**Work item:** In the records below, find the line with "hiv aids disease" and the line with "An infographic showing"; return exactly those lines and every line between them.

**Exercise inputs:**
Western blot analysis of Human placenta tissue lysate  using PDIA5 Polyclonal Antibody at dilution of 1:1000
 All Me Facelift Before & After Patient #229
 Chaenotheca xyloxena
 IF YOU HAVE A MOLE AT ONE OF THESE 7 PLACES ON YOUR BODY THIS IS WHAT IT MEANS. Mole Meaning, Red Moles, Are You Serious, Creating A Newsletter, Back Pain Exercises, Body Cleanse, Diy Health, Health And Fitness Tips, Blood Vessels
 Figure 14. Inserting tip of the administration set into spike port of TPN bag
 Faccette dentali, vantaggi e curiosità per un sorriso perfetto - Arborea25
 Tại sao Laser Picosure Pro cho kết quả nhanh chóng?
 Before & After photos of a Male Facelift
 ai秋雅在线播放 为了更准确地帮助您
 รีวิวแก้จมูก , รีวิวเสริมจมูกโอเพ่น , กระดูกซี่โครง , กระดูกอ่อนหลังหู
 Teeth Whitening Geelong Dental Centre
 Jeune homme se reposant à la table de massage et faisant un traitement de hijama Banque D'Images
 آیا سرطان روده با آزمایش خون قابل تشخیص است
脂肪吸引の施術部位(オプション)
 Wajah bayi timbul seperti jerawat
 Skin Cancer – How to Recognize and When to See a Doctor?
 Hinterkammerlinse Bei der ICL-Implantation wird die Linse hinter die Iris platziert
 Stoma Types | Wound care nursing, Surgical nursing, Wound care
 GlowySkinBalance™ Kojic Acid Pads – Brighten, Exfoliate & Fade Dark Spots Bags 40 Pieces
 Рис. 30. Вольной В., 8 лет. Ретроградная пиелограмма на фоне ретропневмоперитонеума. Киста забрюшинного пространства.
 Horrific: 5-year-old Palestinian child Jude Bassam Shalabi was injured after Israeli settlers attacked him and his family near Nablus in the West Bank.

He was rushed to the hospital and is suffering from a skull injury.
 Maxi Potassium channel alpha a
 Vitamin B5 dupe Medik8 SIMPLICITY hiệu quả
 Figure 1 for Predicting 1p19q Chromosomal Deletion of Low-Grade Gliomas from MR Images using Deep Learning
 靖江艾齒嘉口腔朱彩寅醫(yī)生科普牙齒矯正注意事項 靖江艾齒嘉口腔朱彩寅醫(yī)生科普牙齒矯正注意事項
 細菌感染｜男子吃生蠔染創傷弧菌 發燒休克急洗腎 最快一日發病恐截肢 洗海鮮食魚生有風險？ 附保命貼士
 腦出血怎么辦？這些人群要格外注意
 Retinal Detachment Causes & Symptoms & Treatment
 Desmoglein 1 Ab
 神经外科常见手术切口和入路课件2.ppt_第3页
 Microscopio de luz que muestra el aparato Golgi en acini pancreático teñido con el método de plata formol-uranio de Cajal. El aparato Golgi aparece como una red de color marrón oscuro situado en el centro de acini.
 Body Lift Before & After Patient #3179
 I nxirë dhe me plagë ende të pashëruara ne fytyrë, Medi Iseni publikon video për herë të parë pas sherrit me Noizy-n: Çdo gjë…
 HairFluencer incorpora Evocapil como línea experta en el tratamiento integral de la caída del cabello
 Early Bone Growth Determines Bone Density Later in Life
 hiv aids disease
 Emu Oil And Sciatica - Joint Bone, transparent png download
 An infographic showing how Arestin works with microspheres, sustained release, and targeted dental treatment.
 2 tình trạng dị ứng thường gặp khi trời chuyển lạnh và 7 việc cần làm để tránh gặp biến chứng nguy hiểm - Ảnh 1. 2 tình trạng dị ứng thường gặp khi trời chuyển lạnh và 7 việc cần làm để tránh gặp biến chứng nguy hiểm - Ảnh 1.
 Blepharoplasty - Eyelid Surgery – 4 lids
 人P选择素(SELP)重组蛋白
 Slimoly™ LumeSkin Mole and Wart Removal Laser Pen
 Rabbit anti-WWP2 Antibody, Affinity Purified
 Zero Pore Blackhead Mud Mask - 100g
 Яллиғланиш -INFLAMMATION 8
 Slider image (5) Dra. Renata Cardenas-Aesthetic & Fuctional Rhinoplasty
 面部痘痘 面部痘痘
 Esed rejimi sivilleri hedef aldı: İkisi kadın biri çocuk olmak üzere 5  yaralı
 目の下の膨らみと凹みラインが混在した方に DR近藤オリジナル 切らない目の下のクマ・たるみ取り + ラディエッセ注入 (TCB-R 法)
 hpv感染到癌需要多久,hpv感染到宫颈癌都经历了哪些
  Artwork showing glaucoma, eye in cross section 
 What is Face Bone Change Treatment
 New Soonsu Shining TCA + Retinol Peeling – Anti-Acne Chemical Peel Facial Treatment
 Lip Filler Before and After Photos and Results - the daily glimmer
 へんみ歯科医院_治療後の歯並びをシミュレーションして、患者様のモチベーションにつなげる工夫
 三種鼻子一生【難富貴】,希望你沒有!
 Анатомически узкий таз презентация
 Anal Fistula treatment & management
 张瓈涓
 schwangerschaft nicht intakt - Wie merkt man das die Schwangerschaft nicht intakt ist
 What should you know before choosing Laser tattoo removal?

**Output for this exercise:**
 hiv aids disease
 Emu Oil And Sciatica - Joint Bone, transparent png download
 An infographic showing how Arestin works with microspheres, sustained release, and targeted dental treatment.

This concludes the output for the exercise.